Jeremy CHEN edited this page Nov 19, 2020 · 4 revisions

Introduction

Availability become more and more critical as more and more vehicle-related functions are integrated into single domain. Watchdog and heart beat are effective measures to ensure high availability. FDBus is equipped with built-in watchdog to monitor healthy of SW components by sending heart beat between endpoints as keep-alive signal, based on which reliable and robust infrastructure can be established. Typically heart beat is initiated by server endpoint and the connected client endpoints will bounce back in response ASAP to show they are still alive. In addition to starting heart beat by individual server, the Name server can act as global watchdog to monitor all FDBus components they are all connected with name server as clients.

Name Server as Global Watchdog

Each host(QNX/Linux/Windows...) is deployed with a name server responsible for service name resolution. Thereby each process in a system is connected with name server as a client to request service of name server. If enabled, a watchdog can be started by name server`to maintain heart beat with the clients and monitor the availability of them. If a client fails to response within certain time limitation, the client is regarded as 'abnormal' and lead to a death signal broadcasted by `name server. An 'super monitor' can subscribe the death signal and take proper measure upon receiving of the signal like restarting the non-responsive client.

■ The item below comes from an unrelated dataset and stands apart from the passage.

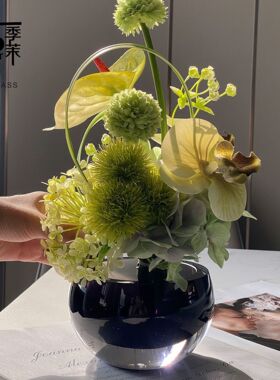 HJM-轻奢琉璃玻璃花瓶仿真花艺洽谈桌客厅茶几家居插花软装饰摆件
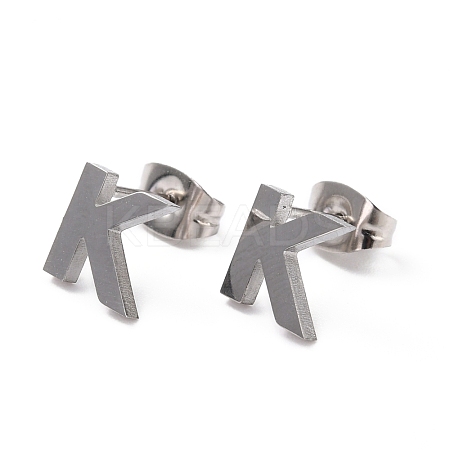 Tarnish Resistant 304 Stainless Steel Greek Alphabet Stud Earrings STAS-D007-07P-14-1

                                                                              +-----------------------+
                                                            /---heart beat----| NS client (process 1) |
        /----------------monitor----------------\           |                 +-----------------------+
        |                                       |           |
+-------+-------+                        +------V------+    /                 +-----------------------+
| super monitor |<------death signal-----| name server |--------heart beat----| NS client (process 2) |
+---------------+                        +-------------+    \                 +-----------------------+
                                                            |
                                                            |                 +-----------------------+
                                                            \---heart beat----| NS client (process N) |
                                                                              +-----------------------+
NS client: Client of Name Server

The following code is implemented by super monitor to subscribe and handle 'heart failure' of NS clients:

int main(int argc, char **argv)
{
    FDB_CONTEXT->start();
    // pass a lambda which will be called once death of NS client is detected by name server
    FDB_CONTEXT->registerNsWatchdogListener([](const tNsWatchdogList &dropped_list)
        {
            for (auto it = dropped_list.begin(); it != dropped_list.end(); ++it)
            {
                // mPid represents pid of the client process
                // mClientName represents name of client endpoint
                FDB_LOG_F("Error!!! Endpoint drops - name: %s, pid: %d\n", it->mClientName.c_str(), it->mPid);
                // Do something upon the process represented by its pid in it->mPid.
            }
        });
    }
}

To enable the global watchdog, adding the following option while starting name server:


> name_server -d 'interval:retries'
  interval - span of time between two consecutive heart beat signal
  retries - how many heart beat to be sent on lose of response before declaring death to 'super monitor'

Generic Watchdog in Server

Watchdog of name server is just an implementation of generic watchdog of FDBus. A server can enable the built-in watchdog to monitor all connected clients by calling one of the following two methods:

CFdbBaseObject::enableWatchdog(true);

or

CFdbBaseObject::startWatchdog(int32_t interval, int32_t max_retries)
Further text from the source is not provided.